The Daily View: Cashing in on crises
Your latest edition of Lloyd’s List’s Daily View — the essential briefing on the stories shaping shipping
SHIPPING is doing very nicely right now. Shipping stocks are outpacing the pack. Shipowners are cash rich and the disruption driving the profits just doesn’t seem to want to go anywhere.
Viewed through the traditional shipowner lens of cyclical opportunities, such periods should be considered a welcome anomaly.
Return on equity over time in shipping is not great and, as every successful owner from Onassis to his natural heirs today know, there are long periods where shipping is not making any money.
The trick is to survive the fallow periods long enough, with enough of your capital intact, to ride the boom markets when they appear.
Real shipping money is made in times of crisis.
Onassis made most of his money based on three wars, particularly the Suez Canal closure in 1956 and 1967.
One of his natural heirs was in London on Thursday talking at a private meeting where he recounted how fantastically lucrative sanctions and US unpredictability have been to the Greek shipping market.
Shipping thrives on unpredictability, crisis, and luck.

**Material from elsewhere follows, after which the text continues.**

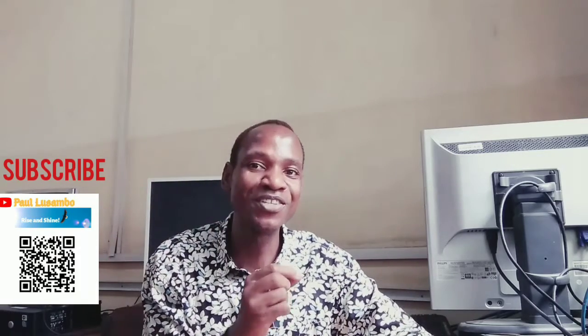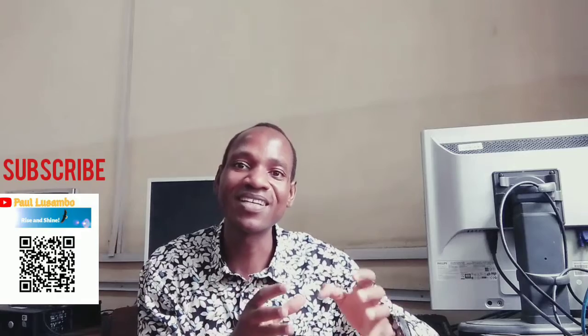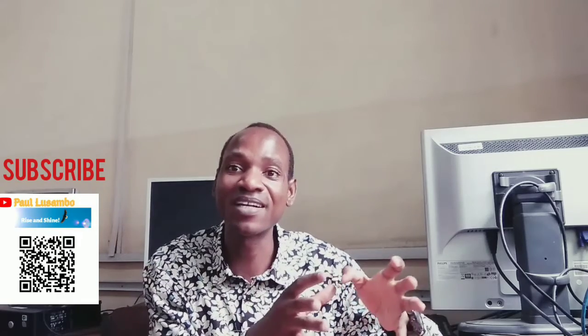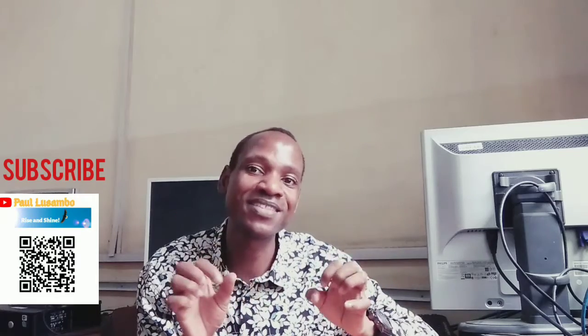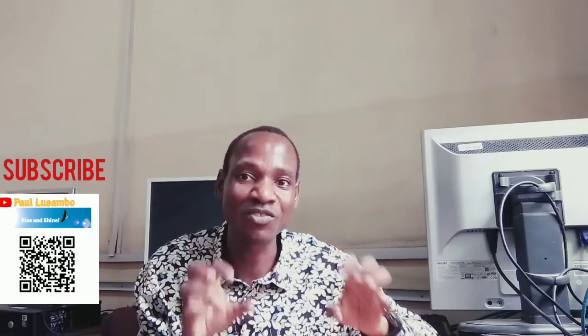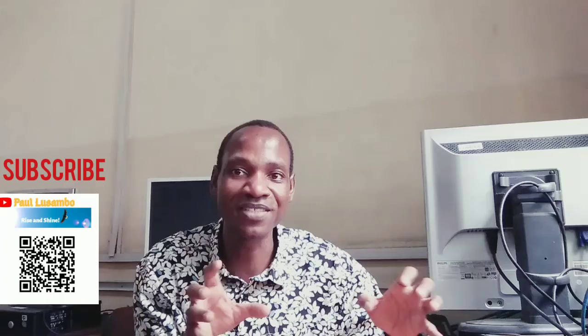Hello everyone, welcome to my channel. I'm Paul Sample. In today's video we are going to discuss the three products that you should not sell or drop ship on your Shopify store. These are three products that you should avoid selling on your Shopify store because they are going to kill your business.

But in that same meeting, experts from every corner of the global value chain warned that everything from technology to globalisation itself was changing around this business model.
The supply of crises to fuel these profitable cycles may be plentiful right now, but the global economic structures underpinning shipping’s ability to profit from them are not necessarily going to be there forever.

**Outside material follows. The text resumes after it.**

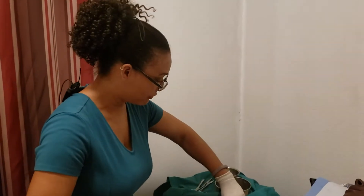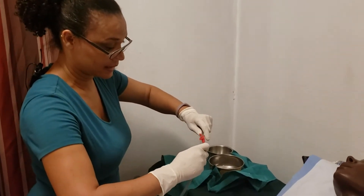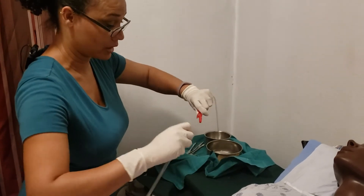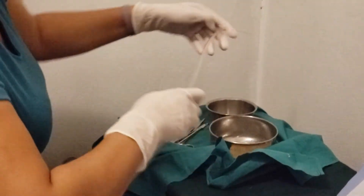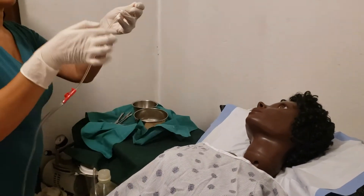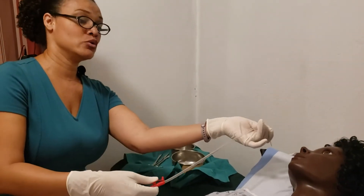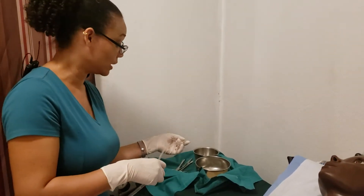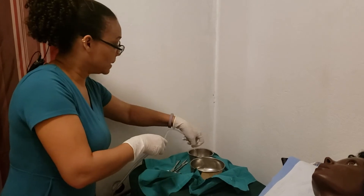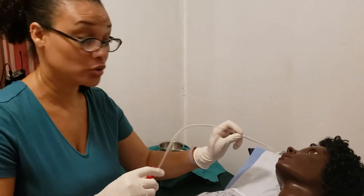Now I've grabbed my tubing, hold it and connect it to the suction machine. Remember, I have a clean hand and I have a sterile hand. Once I've got that connected, I will go ahead and measure approximately how far down I would want the catheter to go with my patient. You go from the ear to the nose, from the nose to the neck, and that gives you approximately how far down is your maximum. Just lube the end of it and then we are going to go in to the nare.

Globalisation’s earlier phase was designed and defined by scale and symmetry.
One set of rules for all. One currency system to clear transactions. One consensus on the value of integration.
A containership leaving Shenzhen, could be virtually certain that its containers would pass smoothly to their final destination in any port, in any country.
Now, though, supply routes are mapped not only for distance and cost, but for political alignment.
They are increasingly contingent on security of passage and the shifting sands of sanctions regimes that may be profitable while they are in flux, but what happens if a more fractured global economy becomes the established norm?
Trade volumes have not collapsed in this new phase of globalisation. They have plateaued and re-routed.
Supply chains have not vanished, they have shortened, duplicated and hedged.
Capital has not gone home, but it has become more selective and more politically conditioned.
Meanwhile, data has become the new oil, the core commodity of the economy going forward.
Right now, the regular flow of crises are proving reliably profitable, and the Onassis model of cyclical survival holds firm. But how shipping’s traditional business models navigate this next phase of globalisation is far from clear.